The funds were used by the Russian borrower, a company, to facilitate acquisitions from the first defendant which was a British Virgin Islands company, owned and operated from Russia. The borrower subsequently defaulted on the loan. The claimant was unable to recover the loan by way of the security provided and alleged that fraudulent misrepresentation by the first defendant induced it to enter into the facility agreement and that the other defendants were jointly liable. 

Having obtained permission to serve out of the jurisdiction, the claimant was granted a worldwide freezing order against the fourth defendant, which the claimant alleged controlled the first and second defendants. The claimant made an application to amend its particulars of claim to incorporate a contractual claim and argued that the corporate veil should be pierced so that the defendants could be held jointly and severally liable with the borrower on the basis that they controlled the actions of the borrower and they had used the borrower as a device to conceal their impropriety.

The Court of Appeal decided that it would be contrary to principle and authority and therefore not appropriate to pierce the corporate veil to effect a contractual claim from the claimant against those alleged to be controlling the defendant companies, where those being pursued were not a party to that contract.
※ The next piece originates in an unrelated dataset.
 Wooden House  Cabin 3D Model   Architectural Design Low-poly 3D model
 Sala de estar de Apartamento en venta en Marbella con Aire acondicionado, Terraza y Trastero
Caterpillar Financial Services (UK) Limited v Saenz Corporation Ltd

Caterpillar Financial Services (UK) Limited (the Claimant) advanced loans to the first and second defendant companies for the purpose of the acquisition and construction of two yachts. The first and second defendants defaulted under the loan agreements. The Claimant made demands on the first and second defendants and subsequently terminated the loan agreements. Demands were also made on each of the guarantors of the loans, the third to ninth defendants.
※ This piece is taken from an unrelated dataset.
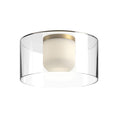 Load image into Gallery viewer, Birch LED Flush Mount in Brushed Gold/Clear Finish | Kuzco Lighting
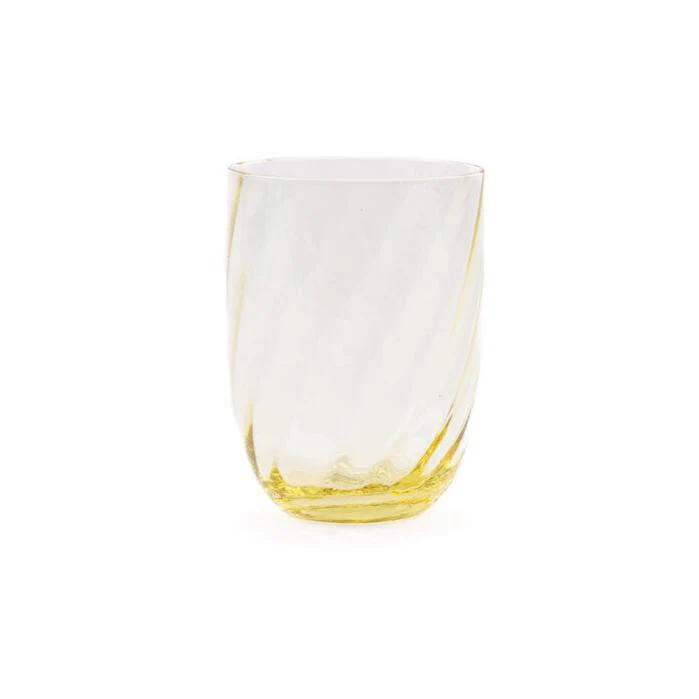 Anna Von Lipa  Swirl tumbler glas - gul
The defendants are, for the most part, connected to the first and second defendant companies, as well as to the third defendant who is the controlling mind of all corporate defendants and also one of the guarantors. The fourth defendant company entered into a guarantee and indemnity in favour of the Claimant in respect of the loans advanced. The fifth, sixth and seventh defendant companies, each provided guarantees or security to the Claimant in respect of the loans. The eighth and ninth defendants, individuals, both provided guarantees in respect of the loan to the second defendant.
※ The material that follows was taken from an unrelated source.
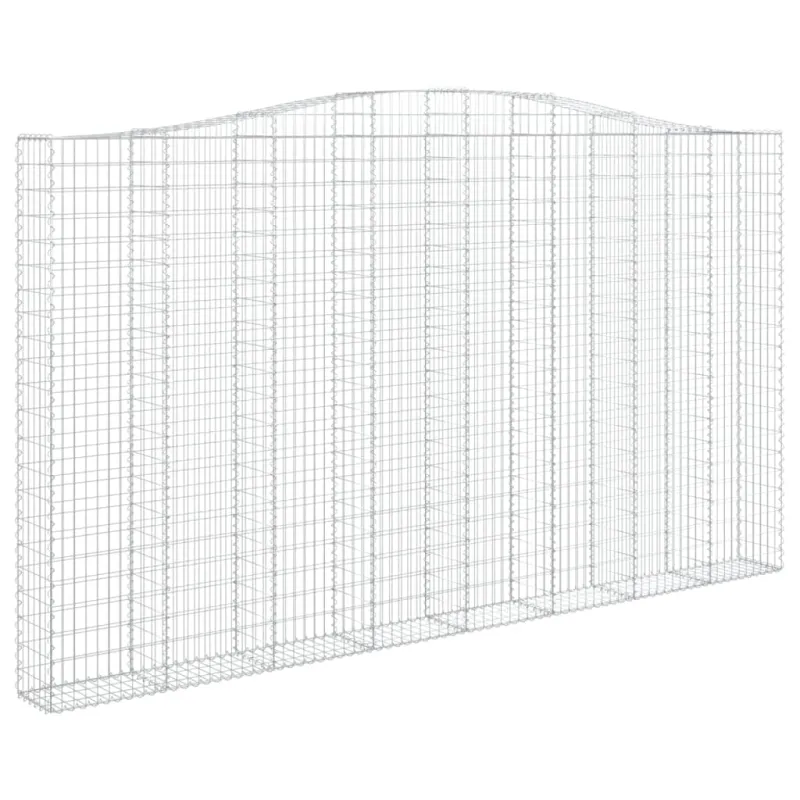 Išlenkti gabiono krepšiai, 6vnt., 400x30x220/240cm, geležis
The tenth to sixteenth defendants are alter ego corporate vehicles of the third defendant, who directs and controls the actions of the companies.

The Claimant obtained a judgment against the third defendant (the Guarantor), in the hope that it could be enforced against a residential property (the Property) declared by the Guarantor as one of his assets prior to the loan being advanced.

Throughout the proceedings the Guarantor had asserted that the Property was owned by the fourteenth defendant (the Company) and that he had no beneficial interest in it. In the Claimant’s application, it maintained that, had it been presented with these facts, it would not have considered advancing the loans without sufficient security from the Company, which would allow the Claimant to pursue the Company and ultimately enforce a judgment against the Property in the event of default.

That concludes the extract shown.